A Caution on Upgrading to VS2008 for MSTest
At my current client we use MSTest as our testing framework. Last week I was updating a solution that contained a few unit test projects from VS 2005 to VS 2008. The project upgrade wizard ran and everything compiled just fine. I ran the Unit test suite and noticed that several unit tests failed. I looked at the first test and noticed that it had an Assert.Inconclusive() operation in it at the end. Shouldn’t that mark the test as inconclusive and not failed? Odd.
The next oddity was that any test that had an ExpectedException attribute was failing indicating that the very exception I was looking for had been thrown. It was as if MSTest decided to completely ignore the ExpectedException attribute. Okay, now that’s double odd.
I tried creating a simple unit test in the existing test project that did nothing more than throw an exception and added the ExpectedException attribute. It still failed to notice the exception and instead reported the test as a failure.
One of the FTEs at the client used his VS2008 to generate the same simple unit test and it passed just fine. After that, I created a new unit test project and tried the same test on my box, also with a pass. At this point we decide it must have been something with the upgrade. After looking around on Google for a while I happen across this blog post by Joni Moilanen from Finland. Apparently the upgrade did not modify the version of the UnitTestFramework assembly the test project was using, it was still set to reference the 8.0 version. Once I updated it to point to the 9.0 version everything was ducky.

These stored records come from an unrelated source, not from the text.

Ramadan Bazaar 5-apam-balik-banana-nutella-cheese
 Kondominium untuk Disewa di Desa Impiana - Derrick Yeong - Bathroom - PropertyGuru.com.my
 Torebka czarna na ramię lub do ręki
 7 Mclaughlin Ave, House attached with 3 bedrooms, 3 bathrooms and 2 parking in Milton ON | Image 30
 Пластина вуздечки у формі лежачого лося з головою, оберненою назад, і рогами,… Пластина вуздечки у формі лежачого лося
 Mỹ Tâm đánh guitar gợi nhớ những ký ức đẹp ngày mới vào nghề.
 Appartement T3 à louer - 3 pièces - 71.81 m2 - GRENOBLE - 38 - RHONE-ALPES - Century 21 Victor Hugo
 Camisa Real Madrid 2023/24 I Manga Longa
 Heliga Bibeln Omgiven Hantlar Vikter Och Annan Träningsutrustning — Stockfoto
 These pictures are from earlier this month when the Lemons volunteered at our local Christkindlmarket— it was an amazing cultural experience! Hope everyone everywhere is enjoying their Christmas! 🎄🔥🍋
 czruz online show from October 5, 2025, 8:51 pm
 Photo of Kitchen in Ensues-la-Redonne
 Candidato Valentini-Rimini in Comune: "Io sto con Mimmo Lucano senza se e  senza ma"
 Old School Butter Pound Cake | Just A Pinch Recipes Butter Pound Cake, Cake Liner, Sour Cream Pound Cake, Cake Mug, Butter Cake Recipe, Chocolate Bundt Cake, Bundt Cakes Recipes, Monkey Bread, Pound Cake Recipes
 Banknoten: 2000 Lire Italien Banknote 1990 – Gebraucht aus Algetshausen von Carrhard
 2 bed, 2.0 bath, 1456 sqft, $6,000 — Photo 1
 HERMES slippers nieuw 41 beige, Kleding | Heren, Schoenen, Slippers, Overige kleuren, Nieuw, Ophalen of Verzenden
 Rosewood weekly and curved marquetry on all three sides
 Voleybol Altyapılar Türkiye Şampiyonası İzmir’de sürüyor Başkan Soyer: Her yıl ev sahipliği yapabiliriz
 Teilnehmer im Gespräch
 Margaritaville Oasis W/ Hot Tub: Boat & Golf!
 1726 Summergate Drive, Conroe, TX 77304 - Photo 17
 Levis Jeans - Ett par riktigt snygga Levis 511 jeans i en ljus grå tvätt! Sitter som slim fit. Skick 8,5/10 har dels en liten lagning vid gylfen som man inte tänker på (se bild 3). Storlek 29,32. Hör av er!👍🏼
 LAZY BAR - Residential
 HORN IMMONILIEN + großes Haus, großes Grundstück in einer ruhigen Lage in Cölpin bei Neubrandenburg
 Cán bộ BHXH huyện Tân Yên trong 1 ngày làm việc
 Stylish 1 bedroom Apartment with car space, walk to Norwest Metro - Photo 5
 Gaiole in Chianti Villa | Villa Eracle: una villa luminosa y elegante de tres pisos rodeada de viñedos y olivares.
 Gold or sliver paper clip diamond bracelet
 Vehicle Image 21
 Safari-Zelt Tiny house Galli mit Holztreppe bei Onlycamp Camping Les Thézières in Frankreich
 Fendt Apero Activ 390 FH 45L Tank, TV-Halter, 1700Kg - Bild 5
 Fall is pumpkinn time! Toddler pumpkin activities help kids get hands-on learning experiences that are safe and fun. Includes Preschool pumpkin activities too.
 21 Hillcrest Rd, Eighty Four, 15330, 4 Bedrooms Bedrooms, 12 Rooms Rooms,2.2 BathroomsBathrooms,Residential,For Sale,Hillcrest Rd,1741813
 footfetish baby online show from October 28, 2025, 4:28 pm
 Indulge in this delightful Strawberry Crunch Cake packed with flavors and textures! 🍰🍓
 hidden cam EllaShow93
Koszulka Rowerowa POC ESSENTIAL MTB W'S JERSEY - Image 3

I understand the upgrade wizard not attempting to decide to update references for you on your projects, but I can also see where this type of reference should have been updated. Especially if the tests aren’t going to work under the newer IDE.
Lesson Learned: When you upgrade your MSTest projects to VS 2008 make sure to manually update the references to the Microsoft.VisualStudio.QualityTools.UnitTestFramework assembly to 9.0 as well.